Which is why Doctor Who can follow giant insects with pseudo-Shakespeare and have it feel like anything other than the weirdest thing on television. But, ironically, this depends on dropping the inter-story cliffhanger. In order to work properly, The Crusade has to be a Shakespearean world that the Doctor and company drop into. Which is why Whitaker uses the fast start from within the pseudo-Shakespearean world instead of the normal TARDIS arrival sequence. This is the first major step towards abandoning individual episode titles - which will finally happen in a little over a year.

But the thing is, this theatricality was not in the least bit experimental. I mean, don't get me wrong - Doctor Who is, on the whole, massively experimental. But it has never been a show that sought to sit on the cutting edge. And theatricality is in no way part of its experiments. The show, after all, is on the BBC. Which is something that it's easy to lose sight of.

Let's pause for a moment and help out those who are in less fortunate countries with poor education systems that don't teach them important things about the world. Like America. The BBC is a publicly owned non-profit corporation. When you buy a television in the UK and start using it for anything other than watching DVDs or playing video games, you have to pay a license fee of 150 pounds a year for a color TV. When Doctor Who started, that fee was four pounds a year. And that fee is a tax. It is not like a cable bill - it's a government tax that it is illegal not to pay.

So, for Americans. You know how the Republicans want to slash the modicum of funding for NPR and PBS? In the Britain of 1965, that viewpoint would mean that you want to eliminate 50% of television outright. Television and radio were, in Britain offered as a public service. And as you might imagine of 1960s Britain, that meant that proper art had to be shown on them.

Not exclusively, of course - the looming competition of ITV was sufficient to establish at least partially that making some commercial programs was a good idea. But Doctor Who was not, strictly speaking, a commercial mass hit either. Rather, it was a bizarre sort of hybrid program. It's a show anchored by an elderly character actor that's meant to entertain kids and secretly educate them, but that airs in a family slot so has to entertain everybody. This sort of mad concept could only happen in the name of the public good.

But it also meant that Doctor Who had to occasionally go and do things like The Crusade. Not out of some sort of BBC mandate, but just because that was part of being the public service program that it was. Because Doctor Who was never particularly subversive to what the BBC was. And so of course it did a high culture, theatrical Shakespeare story. Because the BBC was about the arts, and when it came to drama, the arts were theatrical. Which is why the concept of nipping off to do a bit of theater in between stints on the most popular program on the BBC is still not that weird an idea in England. (For a comparison, imagine if CSI went on an 18-month hiatus with only a few 90 minute episodes to air sporadically through the time so Lawrence Fishburn could be in Othello. See?)

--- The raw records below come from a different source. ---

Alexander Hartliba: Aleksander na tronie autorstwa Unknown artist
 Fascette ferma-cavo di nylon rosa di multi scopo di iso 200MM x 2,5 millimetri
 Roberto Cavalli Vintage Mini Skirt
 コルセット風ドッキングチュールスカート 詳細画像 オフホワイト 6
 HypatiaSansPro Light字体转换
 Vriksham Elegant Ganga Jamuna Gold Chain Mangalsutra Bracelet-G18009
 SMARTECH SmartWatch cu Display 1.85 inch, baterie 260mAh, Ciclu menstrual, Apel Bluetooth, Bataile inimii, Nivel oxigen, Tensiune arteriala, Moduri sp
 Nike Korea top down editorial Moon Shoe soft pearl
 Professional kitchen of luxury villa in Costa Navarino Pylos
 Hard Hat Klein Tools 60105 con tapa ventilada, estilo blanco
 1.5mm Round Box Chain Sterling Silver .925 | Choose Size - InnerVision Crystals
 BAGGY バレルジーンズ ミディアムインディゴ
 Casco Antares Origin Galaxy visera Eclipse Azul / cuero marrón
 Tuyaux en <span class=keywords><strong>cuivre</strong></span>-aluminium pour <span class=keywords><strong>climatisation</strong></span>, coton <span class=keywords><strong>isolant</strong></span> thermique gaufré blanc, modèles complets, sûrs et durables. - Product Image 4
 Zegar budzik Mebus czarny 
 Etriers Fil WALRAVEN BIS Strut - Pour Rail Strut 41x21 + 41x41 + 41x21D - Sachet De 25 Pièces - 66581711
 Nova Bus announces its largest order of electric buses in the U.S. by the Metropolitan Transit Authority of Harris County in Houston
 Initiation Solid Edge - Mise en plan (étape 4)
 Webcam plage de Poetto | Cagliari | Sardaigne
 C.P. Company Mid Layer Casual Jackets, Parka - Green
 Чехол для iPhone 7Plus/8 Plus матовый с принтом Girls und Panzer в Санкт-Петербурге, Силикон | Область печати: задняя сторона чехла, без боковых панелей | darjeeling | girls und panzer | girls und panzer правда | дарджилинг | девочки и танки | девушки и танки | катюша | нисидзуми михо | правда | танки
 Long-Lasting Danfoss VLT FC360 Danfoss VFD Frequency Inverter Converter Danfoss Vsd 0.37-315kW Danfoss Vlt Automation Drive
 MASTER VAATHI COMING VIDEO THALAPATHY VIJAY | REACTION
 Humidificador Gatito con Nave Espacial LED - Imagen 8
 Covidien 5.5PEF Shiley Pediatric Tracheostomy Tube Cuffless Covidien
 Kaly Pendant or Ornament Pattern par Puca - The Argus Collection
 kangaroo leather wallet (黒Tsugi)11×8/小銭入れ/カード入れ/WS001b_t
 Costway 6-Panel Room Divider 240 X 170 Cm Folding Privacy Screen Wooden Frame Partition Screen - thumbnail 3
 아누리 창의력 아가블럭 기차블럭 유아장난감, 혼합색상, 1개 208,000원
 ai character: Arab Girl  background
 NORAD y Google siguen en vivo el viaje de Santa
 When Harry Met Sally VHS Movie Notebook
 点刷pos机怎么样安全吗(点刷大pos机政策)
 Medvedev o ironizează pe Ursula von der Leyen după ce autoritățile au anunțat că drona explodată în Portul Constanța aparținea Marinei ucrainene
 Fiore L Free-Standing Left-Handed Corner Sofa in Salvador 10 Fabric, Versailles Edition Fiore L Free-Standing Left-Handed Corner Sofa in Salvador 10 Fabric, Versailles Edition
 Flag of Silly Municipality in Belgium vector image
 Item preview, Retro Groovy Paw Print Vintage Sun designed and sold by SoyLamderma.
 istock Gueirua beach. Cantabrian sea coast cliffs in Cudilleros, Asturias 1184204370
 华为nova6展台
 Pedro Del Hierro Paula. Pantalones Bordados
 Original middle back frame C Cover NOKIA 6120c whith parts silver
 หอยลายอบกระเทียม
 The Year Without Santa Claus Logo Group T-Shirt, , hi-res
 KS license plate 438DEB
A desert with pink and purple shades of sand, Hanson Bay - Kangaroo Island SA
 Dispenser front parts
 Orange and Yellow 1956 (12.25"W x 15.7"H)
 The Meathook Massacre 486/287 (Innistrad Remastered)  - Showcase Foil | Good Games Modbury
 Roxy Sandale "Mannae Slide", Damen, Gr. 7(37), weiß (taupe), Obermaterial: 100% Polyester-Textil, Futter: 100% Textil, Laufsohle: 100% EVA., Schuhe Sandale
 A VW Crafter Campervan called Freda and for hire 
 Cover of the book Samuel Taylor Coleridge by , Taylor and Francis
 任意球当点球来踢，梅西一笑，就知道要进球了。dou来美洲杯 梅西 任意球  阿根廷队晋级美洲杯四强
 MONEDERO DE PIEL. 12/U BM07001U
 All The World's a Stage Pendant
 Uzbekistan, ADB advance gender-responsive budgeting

And so The Crusade has Julian Glover, who's actually a Shakespearean actor of non-trivial repute, tromping about alongside the regulars. Because this is a particular sort of theater, and the BBC is well-equipped to put on that show. Which, again, is profoundly non-immersive. You're not supposed to go "Ooh, Richard the Lionheart!" You're supposed to go "Ooh, Julian Glover as Richard the Lionheart." You're supposed to recognize that the rules, this week, are Shakespeare rules. Which is, again, why we start the serial in the world - because the rules apply to the Doctor here too. (Hence his extended comic set-piece about clothes theft in the first episode.)

But here's the thing about Doctor Who. On the one hand, it's happy to play along and do its Shakespearean duties. On the other hand, and this is where Doctor Who in March of 1965 differs from Doctor Who in, say, a year earlier. Then doing a historical serial meant playing it all very straight and doing a big, epic. Now, however, there's enough of an idea of Doctor Who and its sort of mad cap ethos starts to run up against its own setting.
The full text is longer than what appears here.